Long-term Trends in climate and hydrology

The long-term trends in climate and hydrology in Qinghai Lake was summarized in Table 1. All the tested variables had significant annual increasing trend (p < 0.001, Table 1). Furthermore, with only three exceptions (i.e. rainfall in July, inflow in Aug and Sep), most of the variables showed a significant increasing trend for each month (Table 1).

Table 1 Summary of the Correlated Seasonal Mann-Kendall Tests for the long-term trends in climate (1958–2015), inflow and Lake water level (1995–2015), and NDVI (2000–2015) in Qinghai Lake region. Bold indicates no trend was detected.
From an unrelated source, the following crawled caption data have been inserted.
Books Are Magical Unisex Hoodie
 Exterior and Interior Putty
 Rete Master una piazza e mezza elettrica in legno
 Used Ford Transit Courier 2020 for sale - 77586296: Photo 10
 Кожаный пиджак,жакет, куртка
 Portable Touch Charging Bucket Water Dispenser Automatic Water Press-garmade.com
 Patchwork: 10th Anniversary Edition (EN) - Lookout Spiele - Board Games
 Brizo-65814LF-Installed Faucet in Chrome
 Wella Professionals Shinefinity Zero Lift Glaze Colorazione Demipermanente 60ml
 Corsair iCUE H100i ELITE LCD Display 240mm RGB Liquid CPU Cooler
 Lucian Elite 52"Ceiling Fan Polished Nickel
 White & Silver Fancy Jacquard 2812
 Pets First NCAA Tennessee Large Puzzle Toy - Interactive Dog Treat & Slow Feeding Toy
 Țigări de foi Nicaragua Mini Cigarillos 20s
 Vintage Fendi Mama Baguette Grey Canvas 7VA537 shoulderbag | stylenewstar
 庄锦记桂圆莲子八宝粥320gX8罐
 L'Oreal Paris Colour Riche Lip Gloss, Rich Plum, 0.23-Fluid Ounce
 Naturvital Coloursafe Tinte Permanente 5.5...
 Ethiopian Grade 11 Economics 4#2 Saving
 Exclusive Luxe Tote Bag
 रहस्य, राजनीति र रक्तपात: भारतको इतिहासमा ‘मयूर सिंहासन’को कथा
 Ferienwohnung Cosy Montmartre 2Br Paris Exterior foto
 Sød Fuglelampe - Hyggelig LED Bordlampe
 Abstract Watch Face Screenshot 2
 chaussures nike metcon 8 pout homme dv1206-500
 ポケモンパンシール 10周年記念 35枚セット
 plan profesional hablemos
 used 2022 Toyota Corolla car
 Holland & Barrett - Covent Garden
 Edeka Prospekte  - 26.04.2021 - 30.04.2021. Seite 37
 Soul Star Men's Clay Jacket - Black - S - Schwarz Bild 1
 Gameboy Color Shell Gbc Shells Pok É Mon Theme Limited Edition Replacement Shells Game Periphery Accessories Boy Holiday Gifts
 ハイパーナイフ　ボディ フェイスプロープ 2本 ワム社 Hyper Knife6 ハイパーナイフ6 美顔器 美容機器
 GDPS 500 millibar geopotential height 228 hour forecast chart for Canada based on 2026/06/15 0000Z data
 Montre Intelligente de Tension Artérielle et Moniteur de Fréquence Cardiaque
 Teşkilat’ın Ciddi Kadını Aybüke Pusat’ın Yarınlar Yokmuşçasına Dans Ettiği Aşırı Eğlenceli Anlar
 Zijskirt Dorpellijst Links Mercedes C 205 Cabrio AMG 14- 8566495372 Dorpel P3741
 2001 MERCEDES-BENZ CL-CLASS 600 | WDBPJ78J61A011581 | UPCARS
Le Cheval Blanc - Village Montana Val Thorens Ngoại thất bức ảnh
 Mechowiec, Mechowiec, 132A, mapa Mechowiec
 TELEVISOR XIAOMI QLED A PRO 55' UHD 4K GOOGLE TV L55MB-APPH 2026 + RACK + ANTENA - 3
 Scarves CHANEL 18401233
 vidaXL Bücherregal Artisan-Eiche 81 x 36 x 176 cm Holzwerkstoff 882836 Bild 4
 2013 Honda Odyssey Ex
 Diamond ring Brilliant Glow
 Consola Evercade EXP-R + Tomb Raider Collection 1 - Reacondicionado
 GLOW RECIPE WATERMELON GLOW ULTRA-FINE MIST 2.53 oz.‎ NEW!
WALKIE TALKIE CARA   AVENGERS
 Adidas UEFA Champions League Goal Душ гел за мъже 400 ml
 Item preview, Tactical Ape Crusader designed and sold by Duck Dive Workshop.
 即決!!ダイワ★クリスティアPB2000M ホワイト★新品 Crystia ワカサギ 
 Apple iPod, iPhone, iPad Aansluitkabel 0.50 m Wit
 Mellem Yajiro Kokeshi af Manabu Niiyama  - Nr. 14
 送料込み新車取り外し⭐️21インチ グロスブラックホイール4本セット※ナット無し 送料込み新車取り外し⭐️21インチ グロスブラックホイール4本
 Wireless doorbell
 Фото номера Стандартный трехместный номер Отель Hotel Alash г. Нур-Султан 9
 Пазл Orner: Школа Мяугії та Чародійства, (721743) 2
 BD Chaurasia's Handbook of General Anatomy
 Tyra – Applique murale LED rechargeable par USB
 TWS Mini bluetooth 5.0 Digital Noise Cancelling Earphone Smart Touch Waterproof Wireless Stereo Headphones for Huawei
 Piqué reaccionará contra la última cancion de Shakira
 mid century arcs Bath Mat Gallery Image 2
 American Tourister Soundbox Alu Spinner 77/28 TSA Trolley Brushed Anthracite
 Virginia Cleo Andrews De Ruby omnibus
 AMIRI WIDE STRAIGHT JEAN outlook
For the monthly mean temperature, the increase was significant for each month, and the largest increase occurred in June and February (Table 1). Monthly mean temperature was the only variables showed a monotonic increasing trend during the whole period although the increasing was more rapid before 2010 (upper panel, Fig. 2). For rainfall, there was significant increase in each month except July, when the increase was not significant (p = 0.295 for July, Table 1). In addition, the Z values indicates that there were larger increases in winter, spring and autumn than in summer; and the largest increase occurred in January and February, the coldest months (Table 1). The long-term trend analysis indicated that there were three phases of changes in rainfall (lower panel, Fig. 2): there was little changes for 1995 to 2001; from 2002 to 2010, there was a rapid increase; and for the period of 2011–2015, there was little inter-annual change.

Figure 2
Figure 2

Seasonal cycles and trends of monthly mean temperature (upper) and rainfall (upper) in Qinghai Lake for the period of 1995–2015. The raw monthly records were decomposed in to seasonal cycles and long-term trend using weighted scatterplot smoothing.

The flows to Qinghai Lake also increased significantly for the period of 1995–2015, and significant increase was found in every month except August and September (Table 1). Similar to rainfall, the increase in river flow was larger in the colder months; and the largest increase of flow occurred in April, corresponding to the onset of de-frozen in this region. The long-term trend analysis (upper panel, Fig. 3) showed that the river flow continuously increased till 2011, after which there were little inter-annual variations.

Figure 3
Figure 3

Seasonal cycles and trends of monthly mean inflow (upper) and lake water level (lower) in Qinghai Lake for the period of 1995–2015. The raw monthly records were decomposed in to seasonal cycles and long-term trend using weighted scatterplot smoothing.

The lake water level had also increased significantly for the period of 1995–2015; and the increase was significant for each month (Table 1). However, compared to climatic variables and river flow, which had a general increasing trend for the investigated period, the water level showed a clear turning-point around 2004, before which the lake water level decreased constantly, but increased consistently since (lower panel, Fig. 3).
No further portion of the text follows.